▸ **Available data**:
[Start of section]

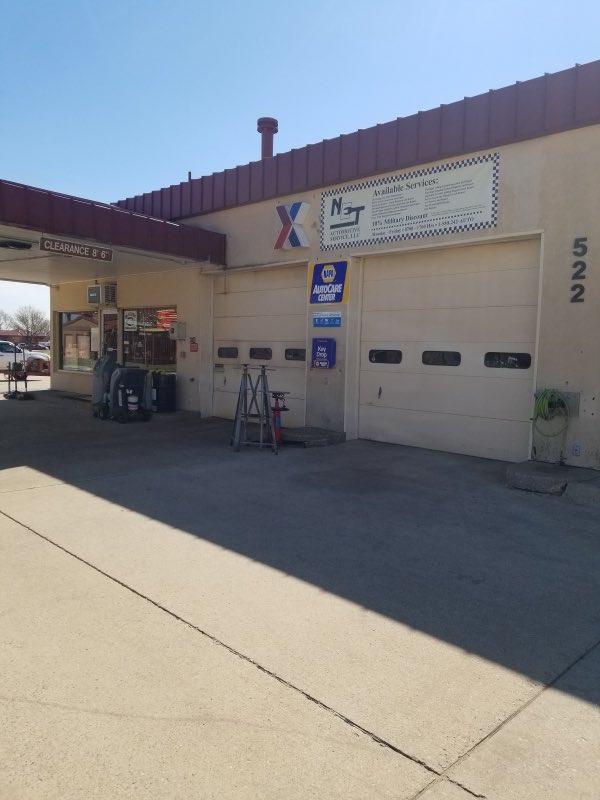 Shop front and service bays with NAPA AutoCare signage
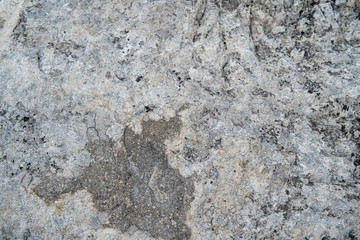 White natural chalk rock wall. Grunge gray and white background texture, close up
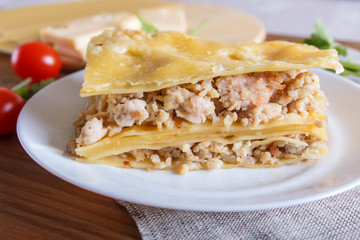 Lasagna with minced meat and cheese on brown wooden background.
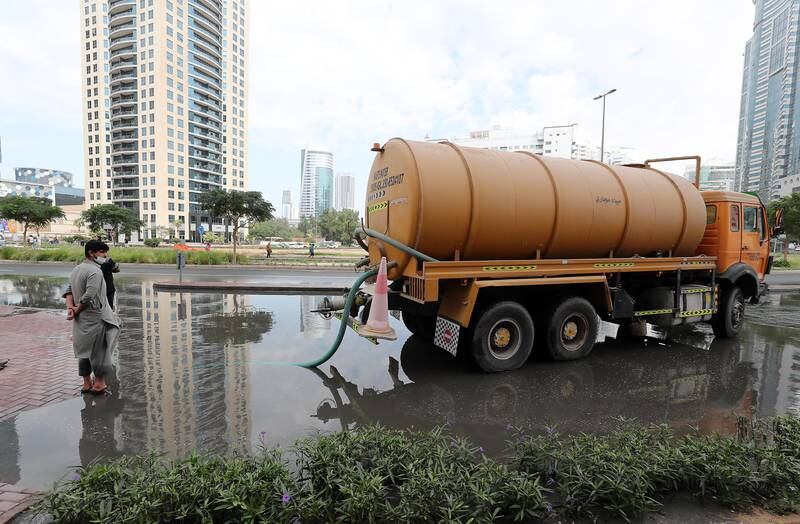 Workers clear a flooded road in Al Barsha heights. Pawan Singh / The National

[End of section]

▸ **Brief**: Omit the pictures and reproduce the listing exactly.

▸ **Task output**:
 Shop front and service bays with NAPA AutoCare signage
 White natural chalk rock wall. Grunge gray and white background texture, close up
 Lasagna with minced meat and cheese on brown wooden background.
 Workers clear a flooded road in Al Barsha heights. Pawan Singh / The National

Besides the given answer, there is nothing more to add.